Следует, впрочем, заметить, что такая атмосфера не была типичной для всех немецких школ. Например, моя сестра, ходившая в школу для девочек, почти не страдала от антисемитизма и только тогда перешла в еврейскую школу, когда того потребовал закон.
Школа еврейская
Город словно из сказки, Кенигсберг всем покорял детское воображение. В центре располагался внушительный замок, перед ним стоял громадный Вильгельм I в короне и с поднятой саблей. В четырехугольном дворе замка имелся винный погребок с пугающим названием «Кровавый суд». Неподалеку можно было взять напрокат лодку, чтоб покататься по красивому замковому пруду, в котором плавали утки и лебеди. Живописные подъемные мосты через реку Прегель, из-за которых мы частенько опаздывали в школу, вели к лежащему в центре города острову. Назывался он Кнайпхоф, и над ним величественно возвышался старый кафедральный собор. Там я, совершенно потрясенный, впервые в жизни слушал «Страсти по Матфею». У стен собора покоится философ Иммануил Кант, слова которого отлиты на памятной доске, укрепленной на стене замка. Восторженные слова о звездном небе — им я тоже восхищался, и о присущем человеку моральном законе — его я впоследствии искал, но всегда тщетно, так что разуверился в его существовании.
Многочисленные старые склады, у которых то и дело разгружались баржи, извилистые узкие переулки и мощные ворота крепостных стен свидетельствовали о древней истории и превращали город в место действия легенд и сказок, куда более занимательных, чем книжки с картинками. Таинственным казался и оперный театр, в котором отец играл на скрипке. (В 1935 году ему пришлось отказаться от руководства организованного им семинара для преподавателей музыки, а его Кенигсбергскому струнному квартету запретили выступать с концертами.) Большое впечатление производило на меня здание университета, а также многоэтажный книжный магазин «Грефе унд Унцер» — мы называли его «Грунцер» (хрюшка. — Примеч. пер.).

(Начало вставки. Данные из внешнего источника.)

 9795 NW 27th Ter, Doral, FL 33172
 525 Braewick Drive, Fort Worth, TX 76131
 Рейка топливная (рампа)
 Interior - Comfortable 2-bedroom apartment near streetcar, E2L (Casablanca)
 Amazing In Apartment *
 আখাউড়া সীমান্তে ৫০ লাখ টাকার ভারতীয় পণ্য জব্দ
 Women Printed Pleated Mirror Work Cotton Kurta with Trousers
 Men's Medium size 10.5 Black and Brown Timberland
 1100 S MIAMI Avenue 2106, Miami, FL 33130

Каждый вечер мама читала нам с сестрой что-нибудь вслух. Услышанное, увиденное и пережитое сливались в красочный и многогранный мир, полный загадок, порой томительных. Мне нравилось воображать себя героем прочитанного: я всегда кого-нибудь спасал, мне непременно сопутствовала удача, и, конечно же, мною восхищались и меня любили.

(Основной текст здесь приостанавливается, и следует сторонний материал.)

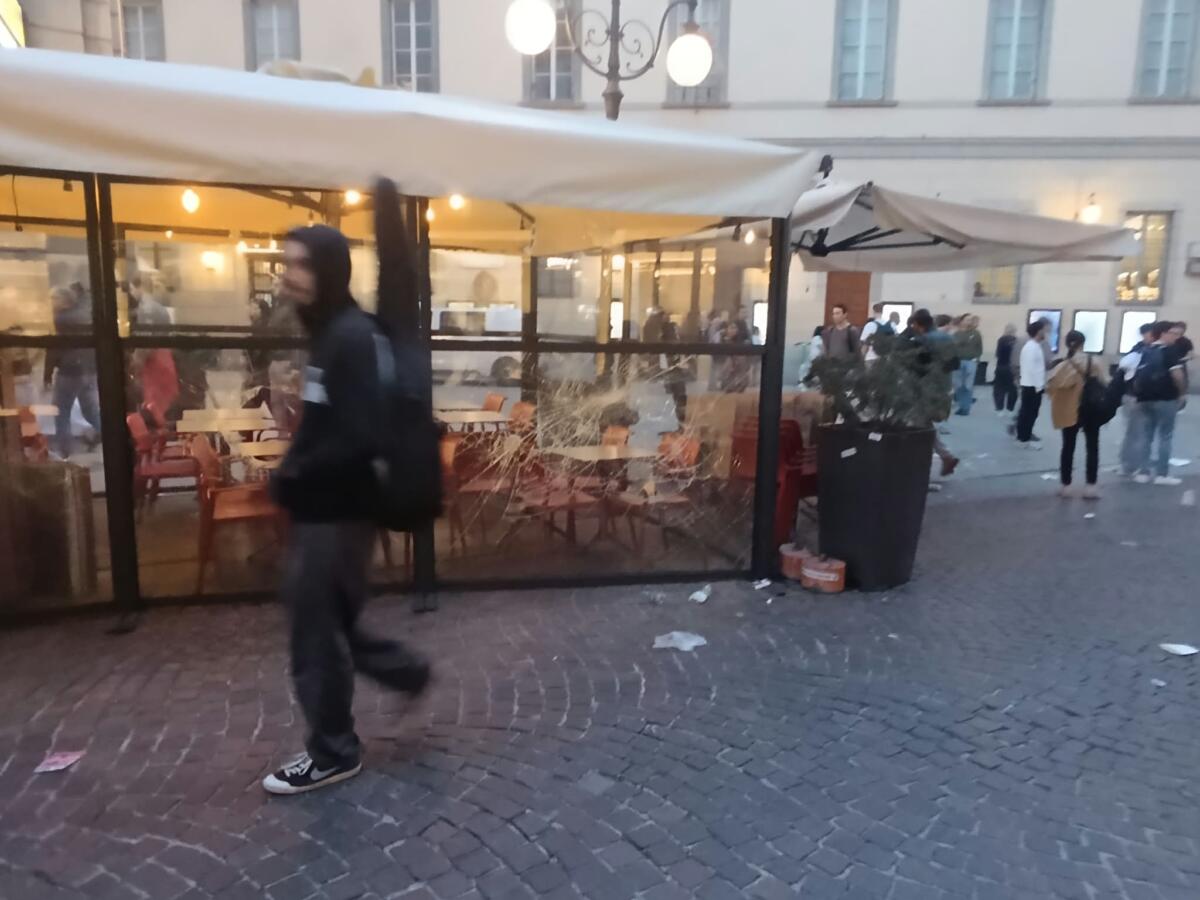 Cgil, sciopero generale proclamato per il 20 novembre. Piazze infuocate da Torino a Bologna Cgil, sciopero generale proclamato per il 20 novembre. Piazze infuocate da Torino a Bologna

Когда мама перевела меня в еврейскую школу, я просто не мог поверить, что новые учителя и новая обстановка имеют хоть что-то общее со старой школой. Директор, господин Кельтер, начал с того, что угостил меня пирогом. Он накануне женился, был счастлив и своей радостью заражал окружающих. Познакомив нас со своей молодой женой, он попросил ее выйти к нам, вновь надев свадебное платье, что она и сделала после некоторого сопротивления. Все было проникнуто духом доброжелательства. Директор не строил из себя ротного командира, что сразу отличало эту школу от прежней. С приходом сюда в моей жизни начался совершенно новый и очень важный этап. Уроки религии и древнееврейского, еврейские праздники и «субботние часы» по пятницам — все это захватило меня. Классы были небольшие, и девочки с мальчиками учились вместе, что тогда встречалось нечасто. Учеников делили не на любимых и нелюбимых, а на более или менее симпатичных и трудных. Хайни Херрман, например, считался трудным ребенком: он нарушал правила распорядка и удирал от учителей всякий раз, когда они по той или иной причине собирались схватить его за шиворот. Тогда всем на потеху начиналась игра в «кошки-мышки» по столам и скамейкам, неизменно заканчивавшаяся поражением учителя.
Манфред Эхт, Манфред Хопп, Эрвин Петцалль и Вернер Грумах стали моими друзьями, а во сне мне виделись поочередно Лисбет Данненберг, Хелла Засс, Хелла Марковски и Рут Марвильски. Увлекаемый потоками, подобным магнетическим, я поочередно испытывал то радость, то печаль. Чем сильней становилась угроза, исходившая от нацистов, тем больше мы нуждались в дружбе и взаимной поддержке. Несомненно, тогда же возникли и первые любовные привязанности.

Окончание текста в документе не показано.